About this task:
Could you transcribe every record below exactly, leaving out any pictures?
--- The input Enclosed Below ---
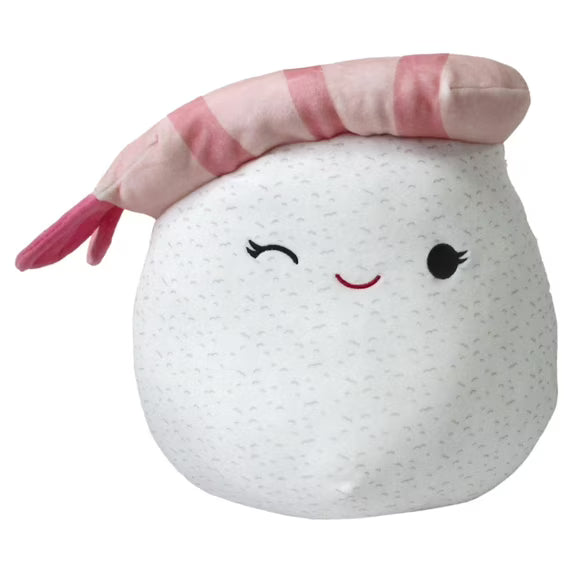 Squishmallows Keina the Shrimp Sushi Roll 14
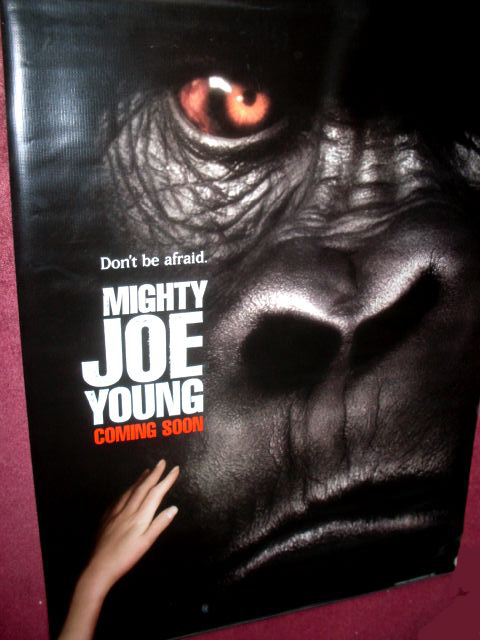 MIGHTY JOE YOUNG: Cinema Banner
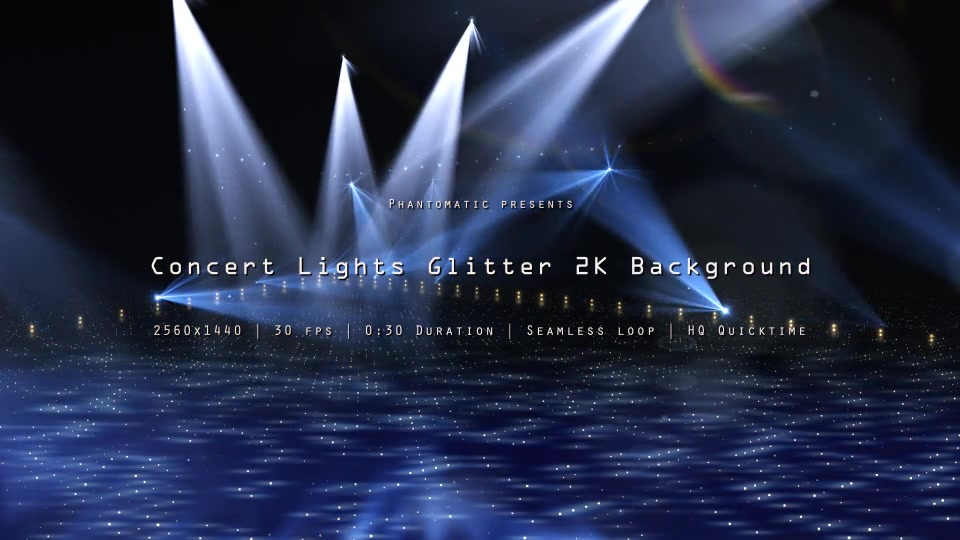 Concert Lights Glitter 7 Videohive 13636066 Motion Graphics Image 4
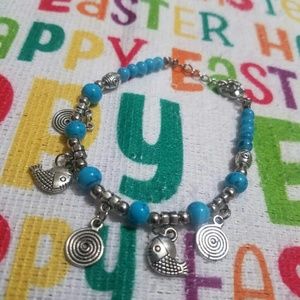Nice braclet with charms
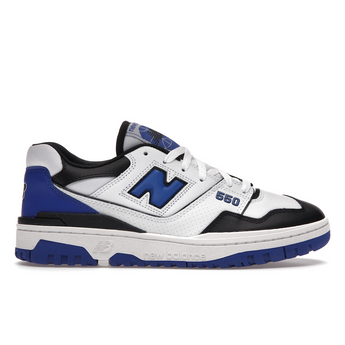 New Balance 550 White Royal Black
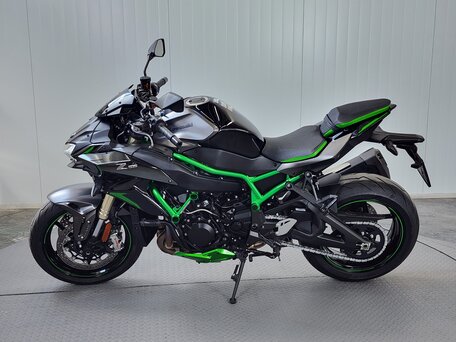 2023 Kawasaki Z H2, серый, 1599000 рублей, вид 5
--- End of Enclosed The input ---
Task answer:
 Squishmallows Keina the Shrimp Sushi Roll 14
 MIGHTY JOE YOUNG: Cinema Banner
 Concert Lights Glitter 7 Videohive 13636066 Motion Graphics Image 4
Nice braclet with charms
 New Balance 550 White Royal Black
 2023 Kawasaki Z H2, серый, 1599000 рублей, вид 5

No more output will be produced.